# Data Appendix

In [2]:
import pandas as pd

#### Import Billboard CSV
And then convert the WeekID column to be of the datetime type.

In [3]:
charts = pd.read_csv("Hot Stuff.csv")
charts.WeekID = pd.to_datetime(charts.WeekID, errors='ignore', infer_datetime_format=True)
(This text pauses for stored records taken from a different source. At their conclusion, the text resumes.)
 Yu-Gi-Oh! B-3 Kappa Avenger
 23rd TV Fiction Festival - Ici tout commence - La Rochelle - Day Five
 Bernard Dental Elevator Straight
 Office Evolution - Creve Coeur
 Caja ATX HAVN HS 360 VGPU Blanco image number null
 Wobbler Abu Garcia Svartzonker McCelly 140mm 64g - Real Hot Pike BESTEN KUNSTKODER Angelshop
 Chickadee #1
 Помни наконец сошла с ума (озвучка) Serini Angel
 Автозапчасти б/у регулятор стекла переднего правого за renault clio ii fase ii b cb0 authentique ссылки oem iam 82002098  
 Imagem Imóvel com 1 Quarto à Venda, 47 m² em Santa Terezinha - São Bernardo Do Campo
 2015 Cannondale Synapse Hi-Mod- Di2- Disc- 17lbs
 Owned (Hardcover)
#### Make New Dataframe Songs
This dataframe has no duplicate songs like the original, it just uses the last week the song was on the chart.

In [4]:
songs = charts
songs = songs.sort_values('Peak Position', ascending=True).sort_values('Weeks on Chart', ascending=False).drop_duplicates(['SongID'])
songs.shape

(29389, 10)

#### Dropping 3 Columns
The url, Instance, and Previous Week Position columns were deemed not useful for the upcoming webscraping. Since I knew it was going to be data intensive, I wanted to reduce the size of the dataframe in any way that I could.

In [5]:
songs = songs.drop(['url', 'Instance', 'Previous Week Position'], axis=1)
songs.shape


(29389, 7)

#### A String Building Function
This function converts the data in the songs dataframe into a url of the format for songlyrics.com. Songlyrics.com redirects close searches to the proper page, but I still tried to get it as close to their usual routing format as possible.

In [6]:
## Function that builds URLs for songlyrics.com
def urlBuild(song, artist):
    url = "http://www.songlyrics.com/"
    aChunks = artist.replace(' ', '-')
    sChunks = song.split(' ')
    # for ch in aChunks:
        # url = url + ch
        # url = url + '-'
    url = url + aChunks
    url = url + '/'
    for ch in sChunks:
        url = url + ch
        url = url + '-'
    url = url + 'lyrics'
    return url

In [7]:
# Test of urlBuild function
urlBuild("Big Shot", "Kendrick Lamar & Travis Scott")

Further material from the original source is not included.